> What the task requires
Transcribe the entries below without changing a word, and omit every picture.

> Provided data
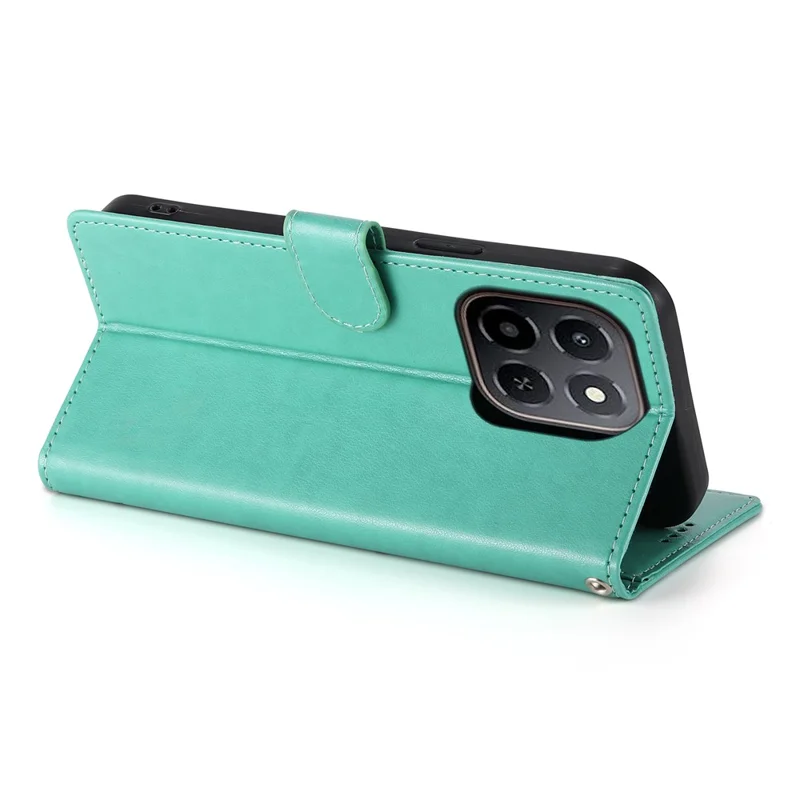 Wallet Case for Honor X6c 4G / X5b / X5b Plus Butterfly Floral Imprint PU Leather Phone Cover with Wrist Strap - Green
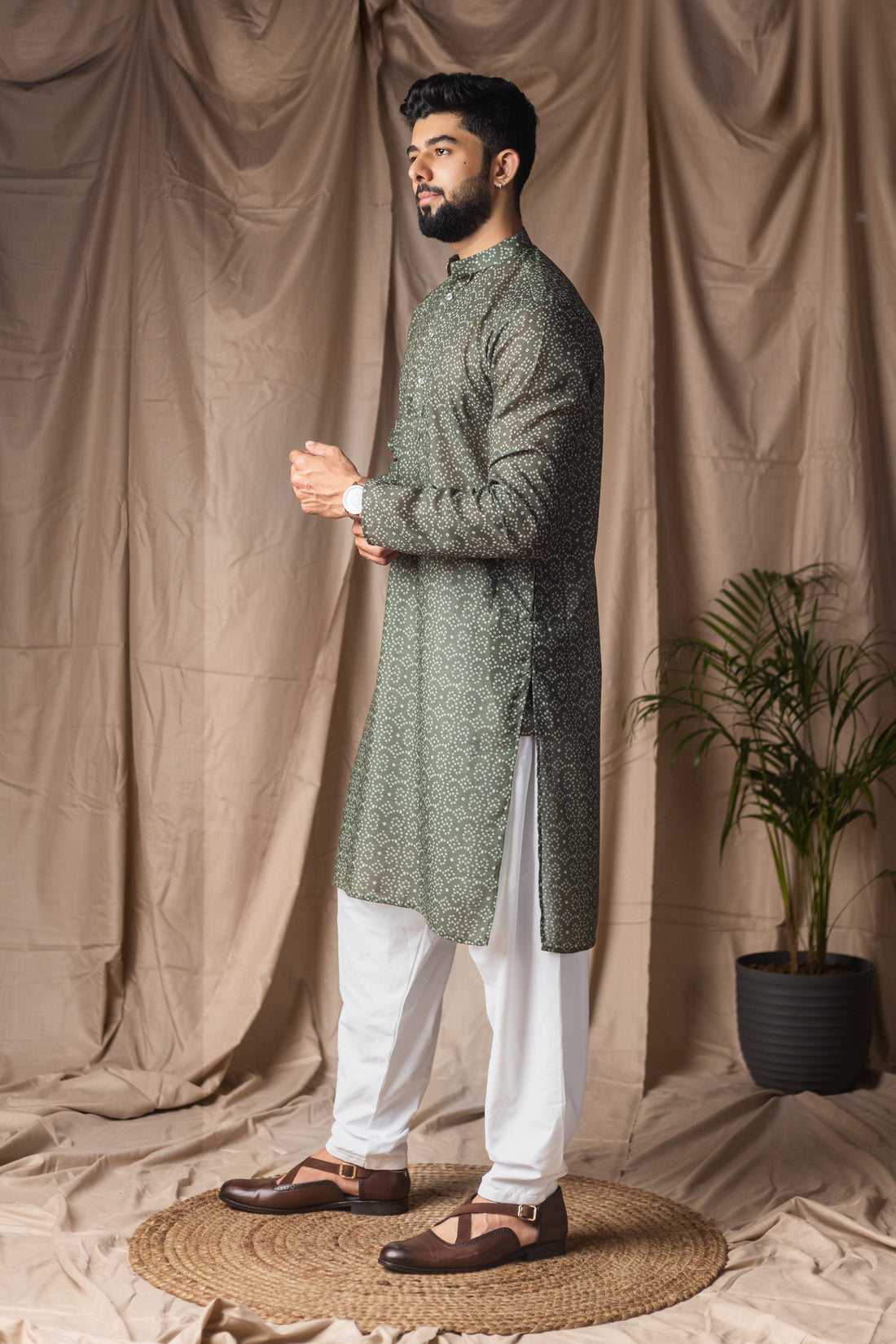 Green Bandhani Print Kurta
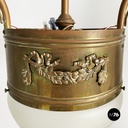 Italian liberty Chandelier in molded satin glass and brass, early 1900s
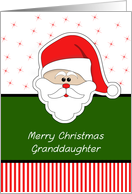 Merry Christmas Greeting Card for Granddaughter-Santa Claus Face card
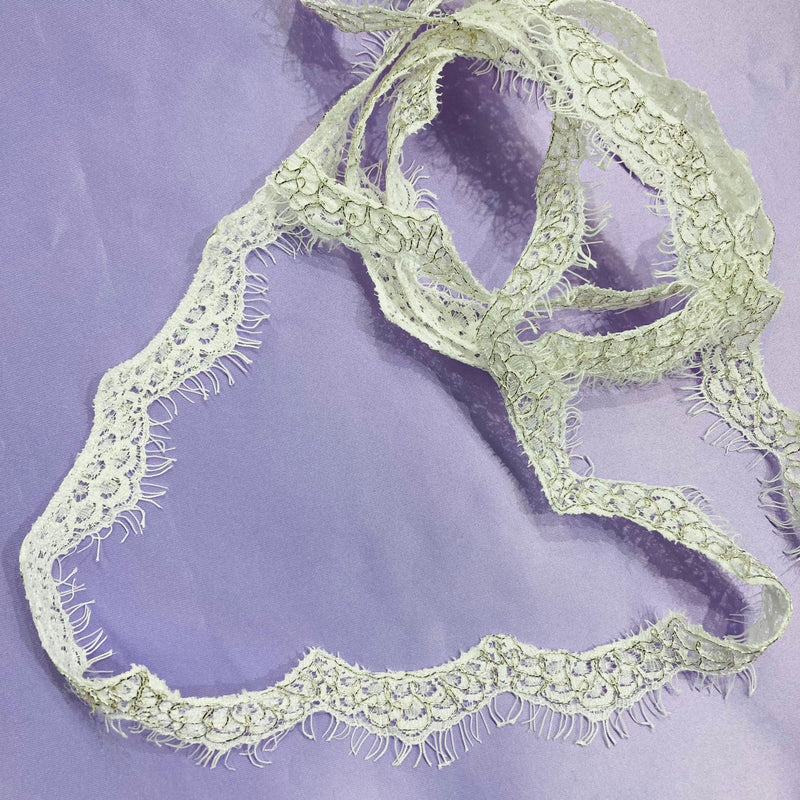 Corded Eyelash Lace Trimming Embroidered on 100% Polyester Net Mesh | Lace USA - 96735W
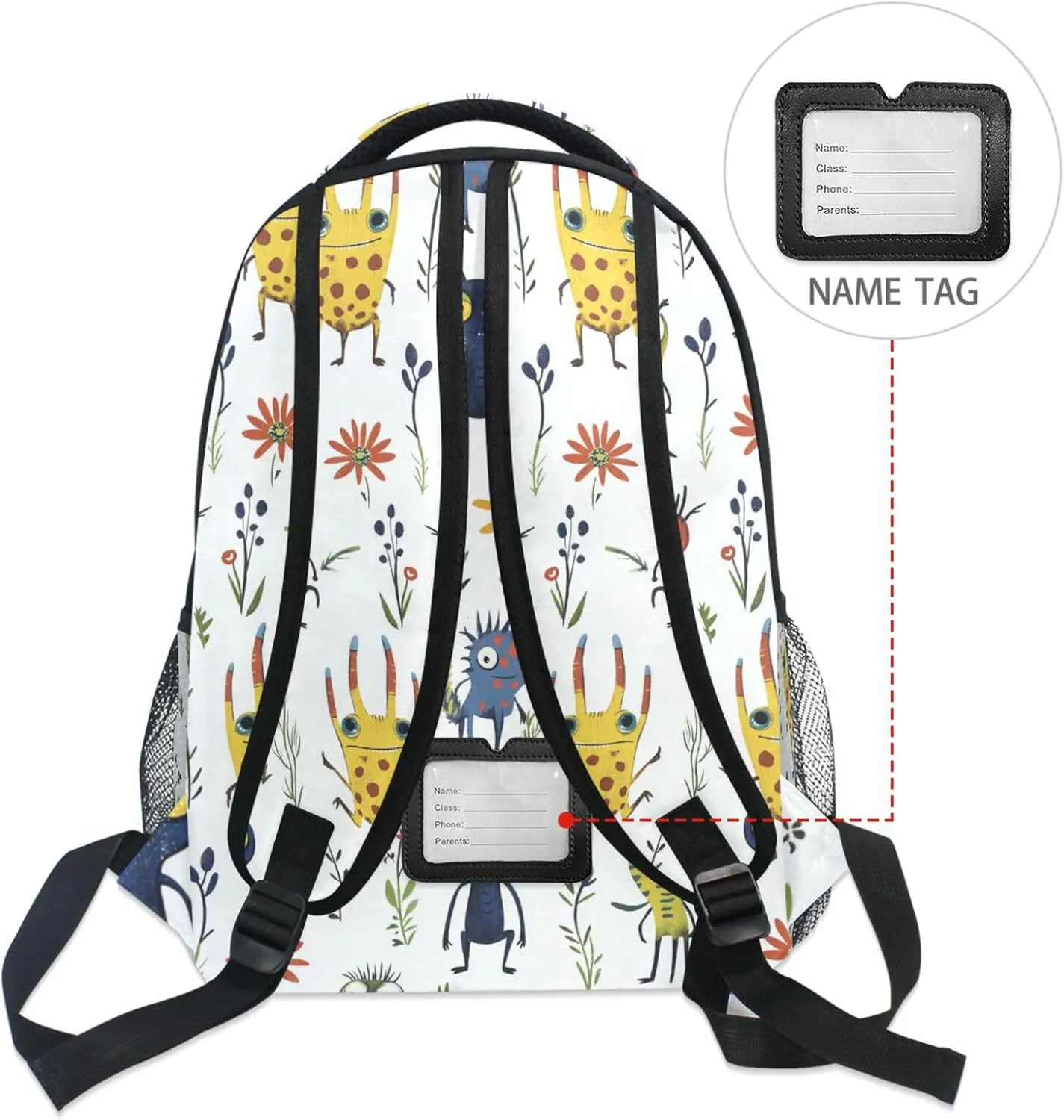 Sport Backpack for Women Men Waterproof Business Work Bag with Chest Strap Gift Men & Women Cartoon Funny Aliens White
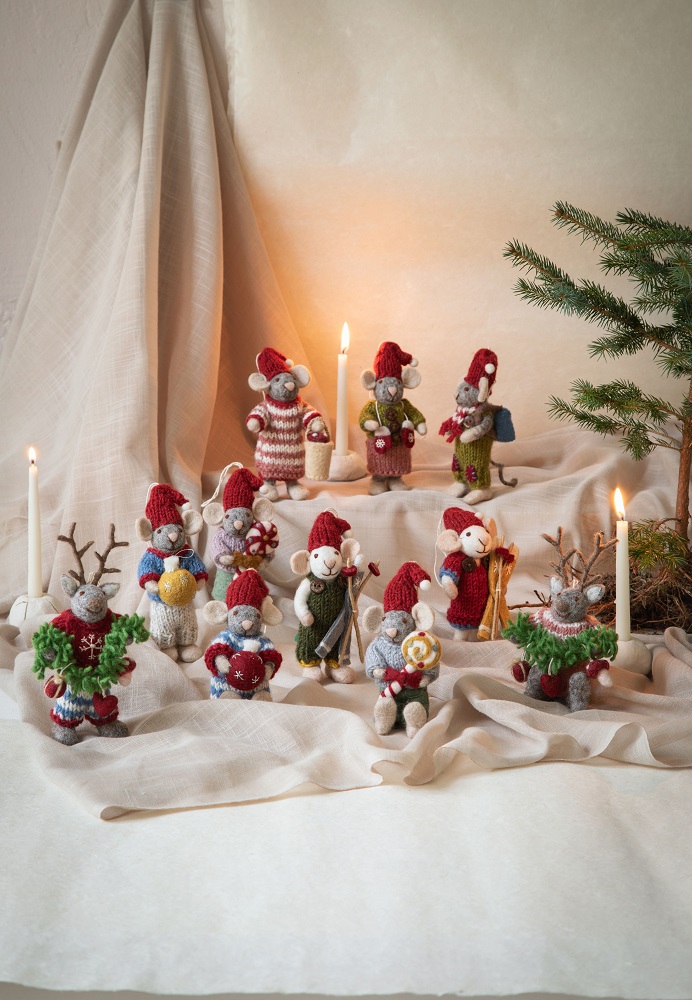 Hanger Vilt Muis met Paddenstoel in mand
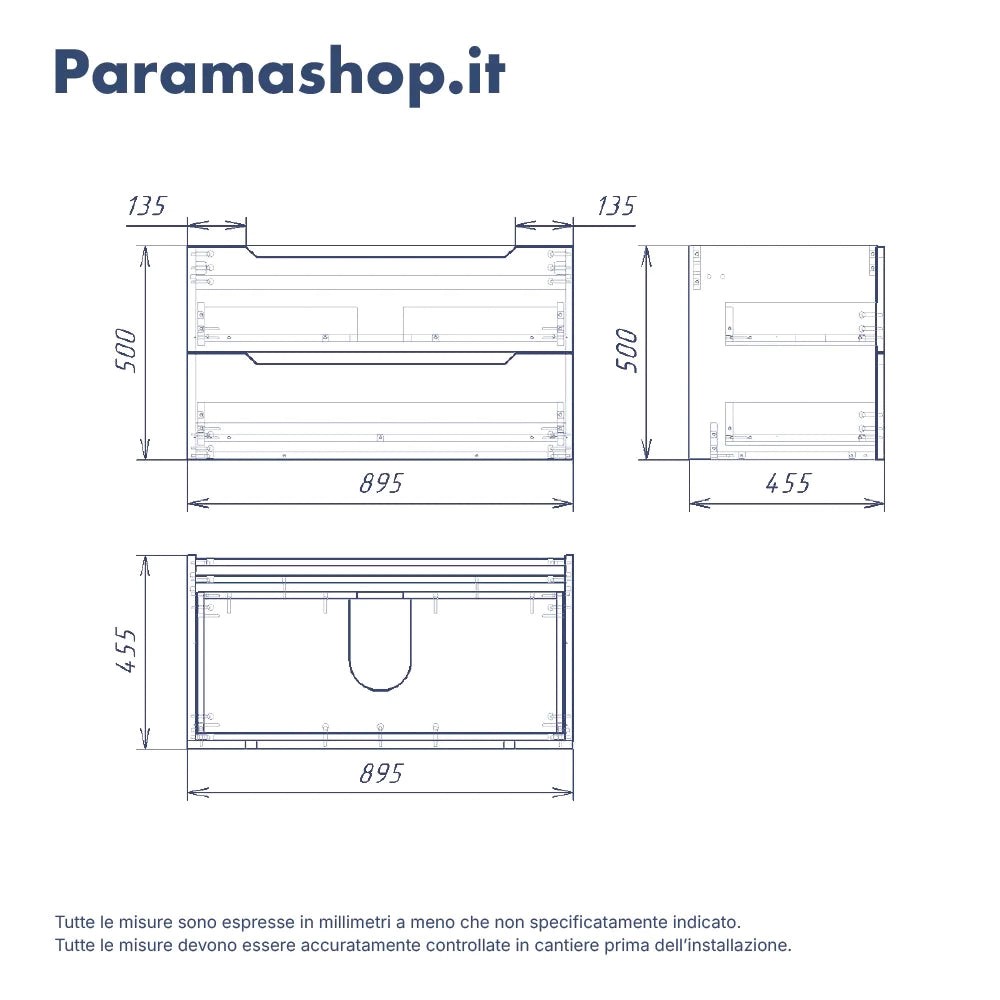 Mobile bagno sospeso 90cm grigio opaco due cassetti soft-close con lavabo bianco opaco | Bako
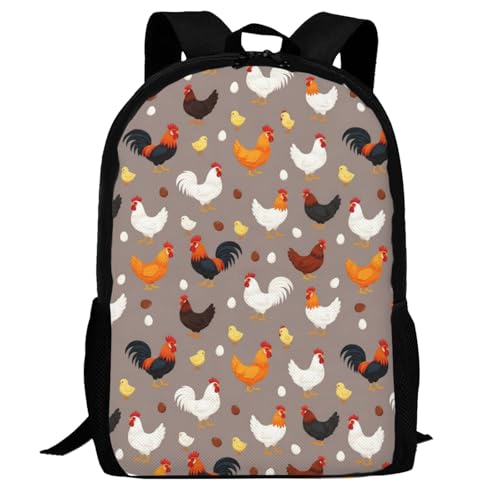 Ergonomic Padded Backpack Farm Rooster, Anti Theft Spacious Travel Daypack Sturdy Polyester Bag for Commute Gym Outdoor Leisure Use - color: Design (665)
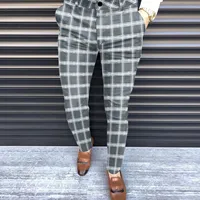 2023 New Pant Sweatpants Mens Slim Fit Plaid Print Zipper Casual Fashion Long Pants Trousers Free Shipping - Image 3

> Result for this exercise
 Wallet Case for Honor X6c 4G / X5b / X5b Plus Butterfly Floral Imprint PU Leather Phone Cover with Wrist Strap - Green
 Green Bandhani Print Kurta
 Italian liberty Chandelier in molded satin glass and brass, early 1900s
 Merry Christmas Greeting Card for Granddaughter-Santa Claus Face card
 Corded Eyelash Lace Trimming Embroidered on 100% Polyester Net Mesh | Lace USA - 96735W
 Sport Backpack for Women Men Waterproof Business Work Bag with Chest Strap Gift Men & Women Cartoon Funny Aliens White
 Hanger Vilt Muis met Paddenstoel in mand
 Mobile bagno sospeso 90cm grigio opaco due cassetti soft-close con lavabo bianco opaco | Bako
 Ergonomic Padded Backpack Farm Rooster, Anti Theft Spacious Travel Daypack Sturdy Polyester Bag for Commute Gym Outdoor Leisure Use - color: Design (665)
 2023 New Pant Sweatpants Mens Slim Fit Plaid Print Zipper Casual Fashion Long Pants Trousers Free Shipping - Image 3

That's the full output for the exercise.